We started the show as a Web series passion project where we were basically doing an Austin City Limits or MTV Unplugged parody with really lowbrow songs. Though it was never the goal, we got a little bit of traction, so I decided to try it out live. We collected a bunch of musicians and came up with the format of the show two-and-a-half years ago at Union Hall in Brooklyn, before moving to Littlefield and The Bell House. I live in L.A. now, so we’ll also do it at The Echo or at festivals throughout the year.

I was in an a cappella group in college, which has more bearing on “Haunting Renditions” than anything else, especially considering that my pianist and bandleader was the musical director of our a cappella troupe. That’s where the aesthetic for the show comes from—our friendship and our history doing a cappella. I was always trying to inject levels of humor into the show that didn’t really work for a college a cappella group but, at the very least, pushed the limits of what we performed and how we performed a little bit more. We’ve had a cross-section of guests. I’ve done duets with Ed Droste from Grizzly Bear and the drag queen Milk, who was on RuPaul’s Drag Race. We’ve had Abbi Jacobson re-emerge as her alter ego Val from Broad City to sing, and I even did “The 12 Days of Christmas” based on 2016 with Gilbert Gottfried. It’s wacky and strange, but it gives someone like Ed—who you’d think is a real quiet, thoughtful, wallflower type—a chance to tickle the funny bone. He’s actually really outgoing and fun. And it’s fun for me because it’s a chance to live out my other dream of being a musician and sort of play both roles.

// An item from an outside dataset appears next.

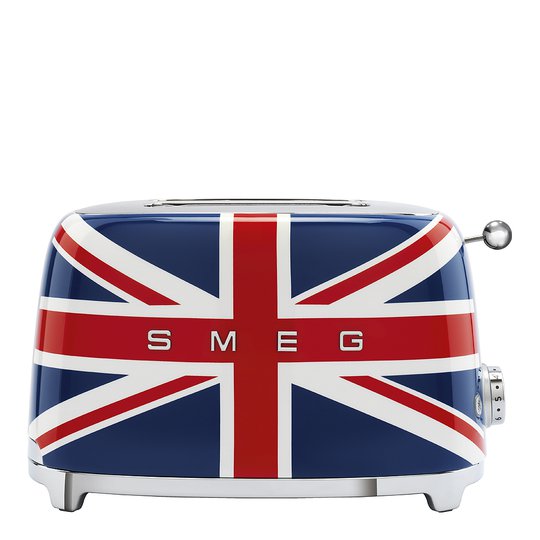 Smeg - 50's Style Brödrost 2 skivor Union Jack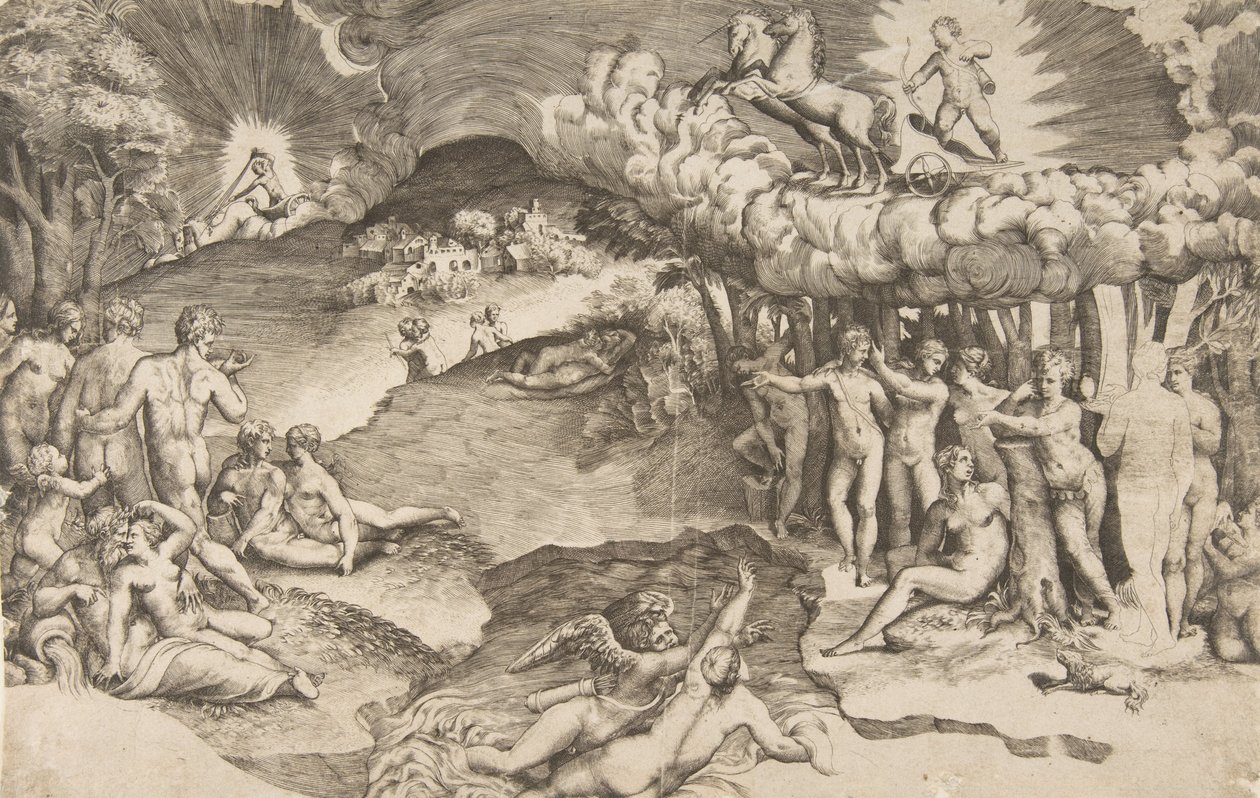 Le triomphe de l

I like to think that it toes the line between stand-up and absurdity. My favorite takeaway from the show is when people tell me that they were confused—that they weren’t sure how to respond. Someone might say, “You made me tear up while you were singing Katy Perry,” and I love that. It’s such a great form of comedy because it falls somewhere between parody, absurdism, fandom and a regular, straight-up concert. Reggie Watts once explained the term “disinformation” to me, and that informs a lot of his act. It’s an intellectual, philosophical practice where you’re filling the ether with content that isn’t actually content, and this is an outpouring of that idea. It makes the audience listen a little closer. For me, that’s such an elevated way of performing. We tend to do a lot of ‘90s songs and laugh at how they had this air of self-seriousness that had a big hold on culture at that time. People in their 20s to 40s are really obsessed with nostalgia, even if it’s very recent history. When I was a teenager in the ‘90s, music had such a visceral effect on our life and was an integral part of your personality. Whether you were a slacker, slinger or any of those cultural niches that were so focused on identity, music helped identify who you were—grunge, the idea of sellouts and this reimagining of pop stars. That’s what makes those ‘90s songs so easy to lampoon—we are poking fun at ourselves and who we were, not just waxing nostalgic.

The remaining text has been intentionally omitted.